In North Carolina Right To Life Committee Fund For Independent Political Expenditures v. Leake, 524 F.3d 427 (4th Cir. 2008), the Fourth Circuit upheld North Carolina's judicial public financing law that included a provision that provided additional public funds to a candidate based on the spending of privately financed candidates and independent groups.  The court recognized that the provision served the state's important interest in operating judicial elections while avoiding corruption and the appearance thereof.

In Wisconsin Right to Life PAC v. Brennan, No. 3:09-cv-00764, Document 110 (W.D. Wis. March 31, 2011), a federal district court affirmed the constitutionality of Wisconsin's matching funds program.  The judge emphasized that the law covered only elections for seats to Wisconsin's highest court, and explained that the state's "interest in safeguarding even an appearance of bias is stronger than any of the public financing statutes considered by courts to date."  This is because, unlike the "political" branches of government, judges are not representative officials, but rather must "be, and appear to be, impartial and independent in applying the rule of law."  More information on the case is available at the Brennan Center and Justice at Stake websites.  Both groups, along with task force member Campaign Legal Center, submitted amicus briefs on appeal before the 7th Circuit.  The appeal was subsequently dismissed as moot after Wisconsin repealed the provision at issue.

Subsequently in 2011, the Supreme Court decided Arizona Free Enterprise Club's Freedom Club PAC v. Bennett, 131 S. Ct. 2806.  In a 5-4 decision, the Court struck down an Arizona public financing statute featuring a matching funds provision similar to those in North Carolina and Wisconsin, although the Arizona statute applied to executive and legislative elections only.  The Court's majority concluded that these "trigger" funds substantially burdened free speech, that the state lacked any compelling interest in equalizing election funding, and that the state's interest in fighting corruption did not justify the burden on free speech.  The Court did not address judicial elections, nor indicate whether the same analysis would apply in assessing the constitutionality of matching fund systems for judicial candidates.  In this action, the Brennan Center represented defendant-intervenor Clean Elections Institute, and Justice at Stake submitted an an amicus brief on behalf of 13 former state supreme court justices.  More information regarding this case is available at the Brennan Center and Justice at Stake sites.

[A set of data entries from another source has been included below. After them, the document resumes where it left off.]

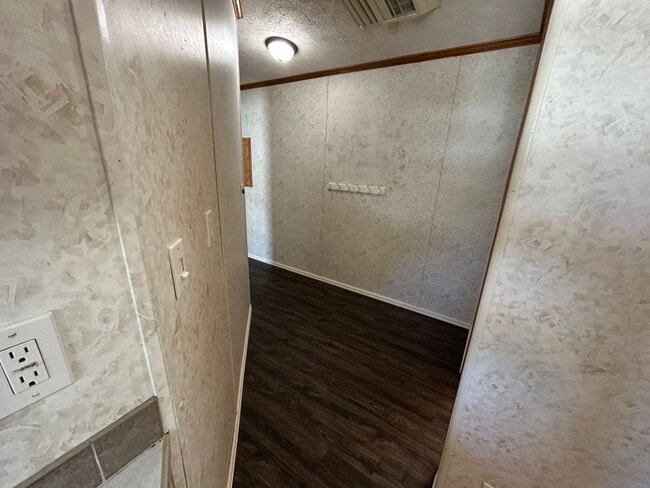 Building Photo - 3 Bedroom 2 Bath High-End Mobile Home with...
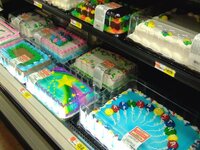 アメリカにお住まいの方 どうしてアメリカのスーパー辺りで売っているケーキやドリ Yahoo 知恵袋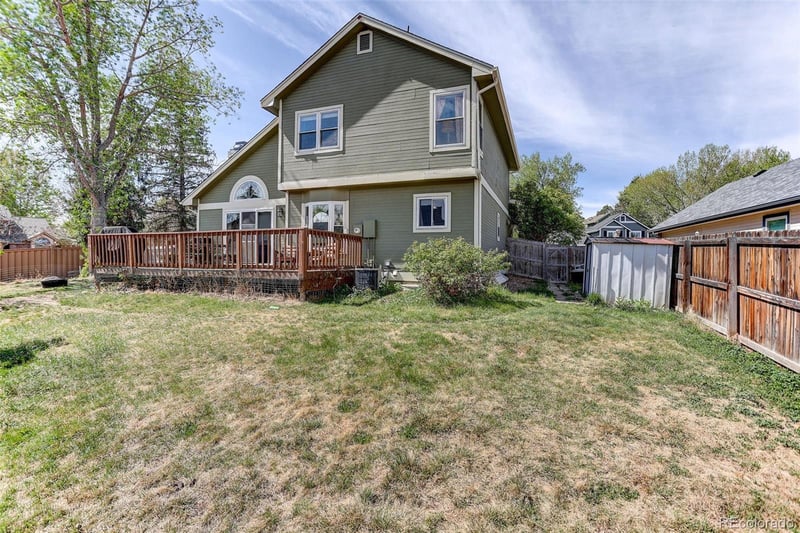 18597 Union Dr, Aurora, CO 80015
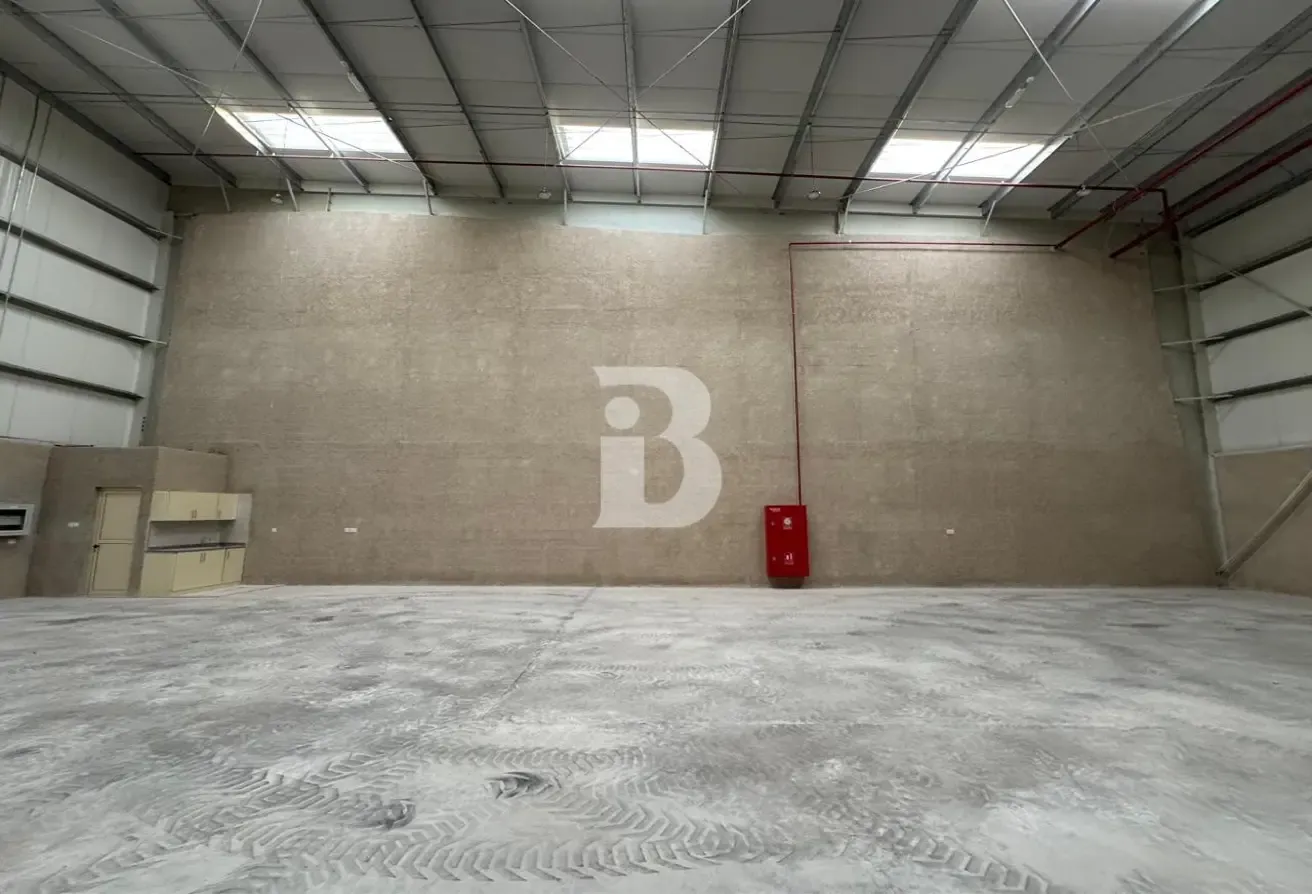 Multiple Warehouses | 10% ROI | 6-7 Mtrs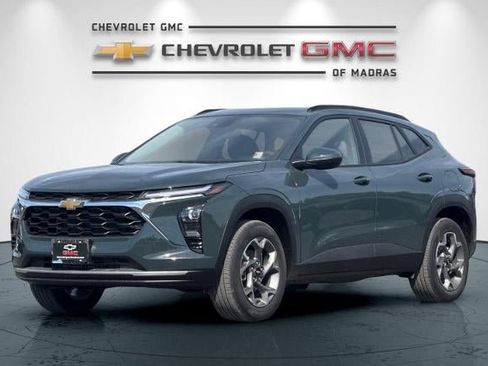 New 2026 Chevrolet Trax LT w/ LT Convenience Package FWD image 7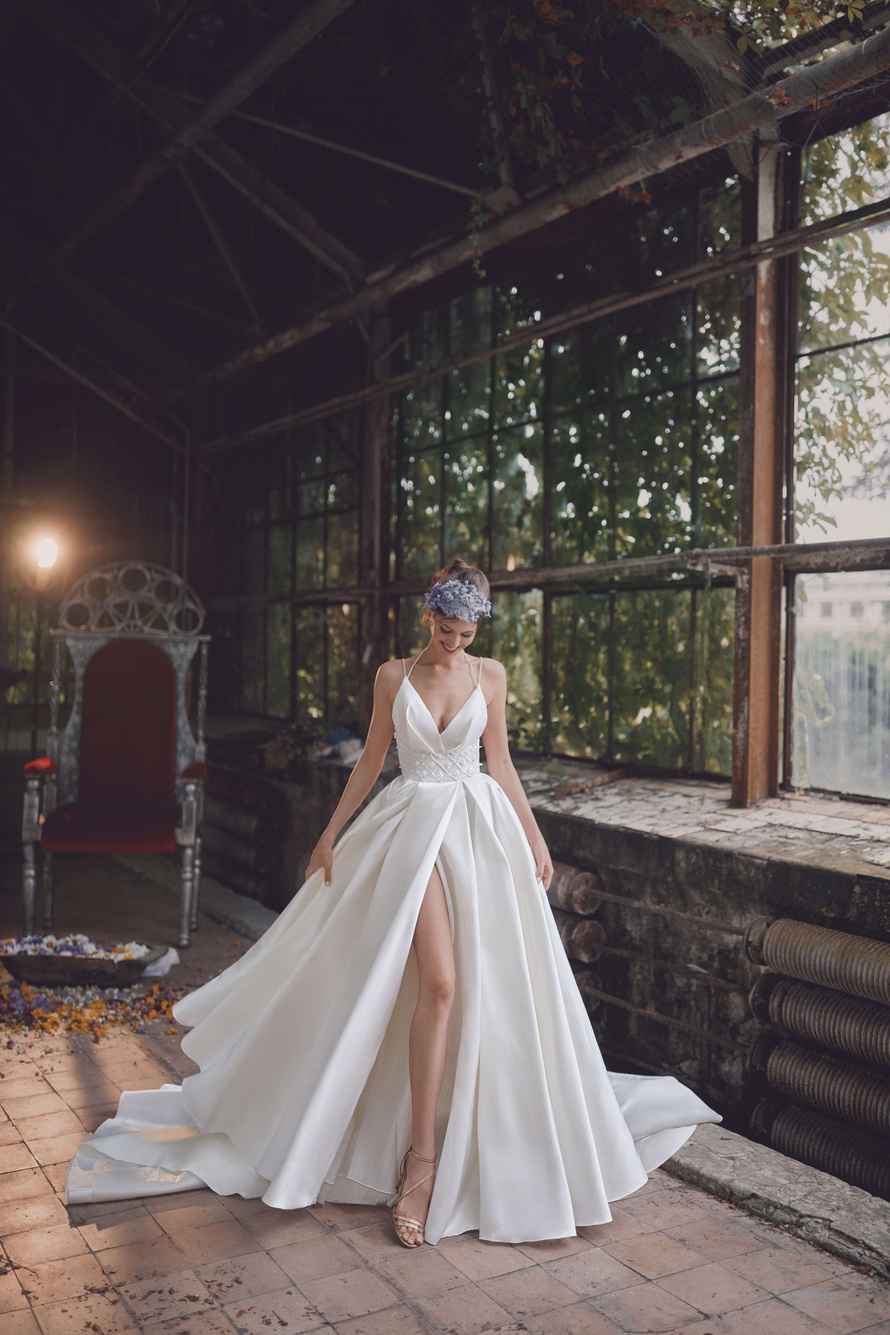 Купить свадебное платье «Грейс» с жемчугом Анже Этуаль из коллекции Леди Перл 2021 года в салоне «Мэри Трюфель»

In American Tradition Partnership, Inc. v. Bullock (2012), the Supreme Court voted 5-4 to strike down a Montana law that banned indirect corporate expenditures on all state elections, including judicial elections. The decision summarily reversed a Montana Supreme Court ruling.  In this case, the Brennan Center submitted an amicus brief along with constitutional and election law professors, and Justice at Stake joined eight retired Montana Supreme Court justices in filing an amicus brief arguing that the Montana law was constitutional.  More information regarding this case is available at the Brennan Center site.

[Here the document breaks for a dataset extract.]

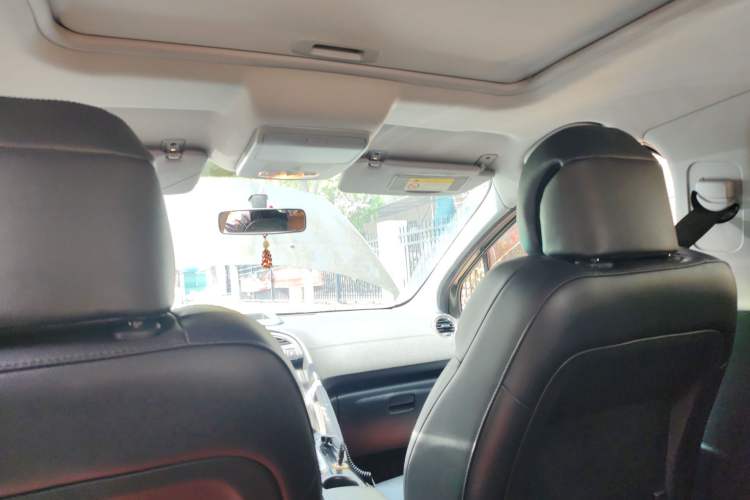 Used Peugeot 3008 2015 2.0L Automatic Trend Edition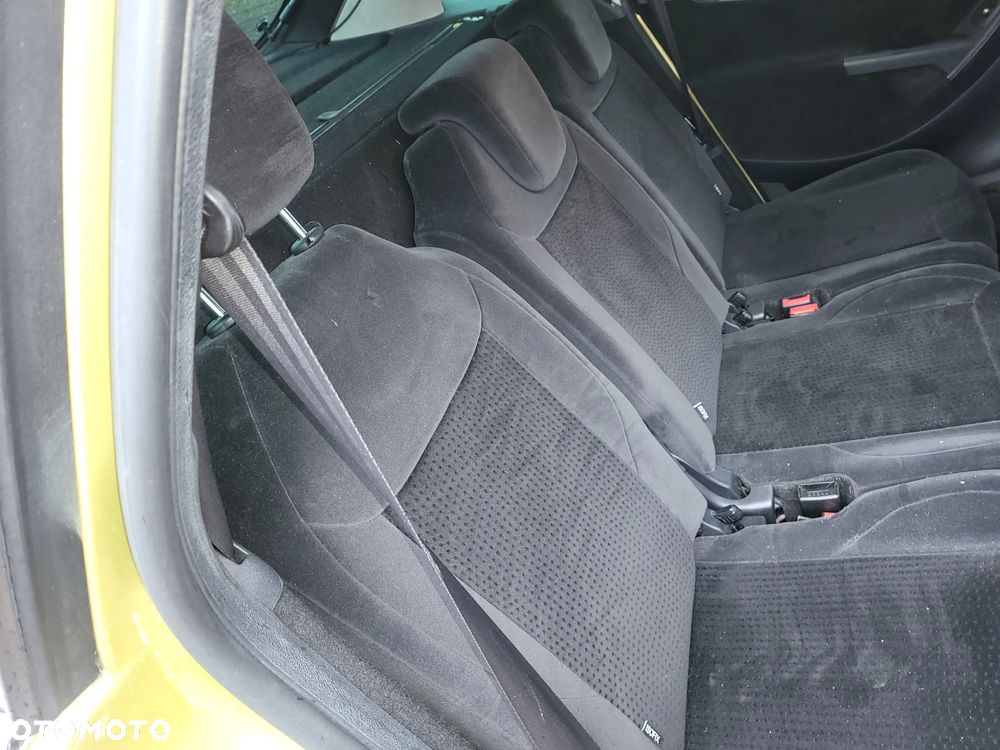 Citroën C4 Picasso - 21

In Loughry v. Tennant et al., the West Virginia Supreme Court recognized that judicial elections are different from executive and legislative elections, and concluded that there are unique and compelling state interests in "protecting the impartiality and integrity of the judiciary, and strengthening public confidence in the judiciary."  However, the Court found that the state's matching funds provision was not narrowly tailored to further this interest, and was constitutionally impermissible in light of Arizona Free Enterprise Club v. Bennett.  The Brennan Center represented current Justice Loughry in the parallel state and federal proceedings.

In North Carolina Right to Life Political Action Committee v. Leake, No. 5:11-cv-472-FL, the federal district court for the Eastern District of North Carolina similarly struck down North Carolina's judicial election matching funds provision, finding that the Supreme Court's decision in Arizona Free Enterprise Club v. Bennett controlled the case.  Notably, in this litigation, the state did not argue that the statute furthered a compelling state interest, only that the issue was moot because the state did not intend to disburse any matching funds.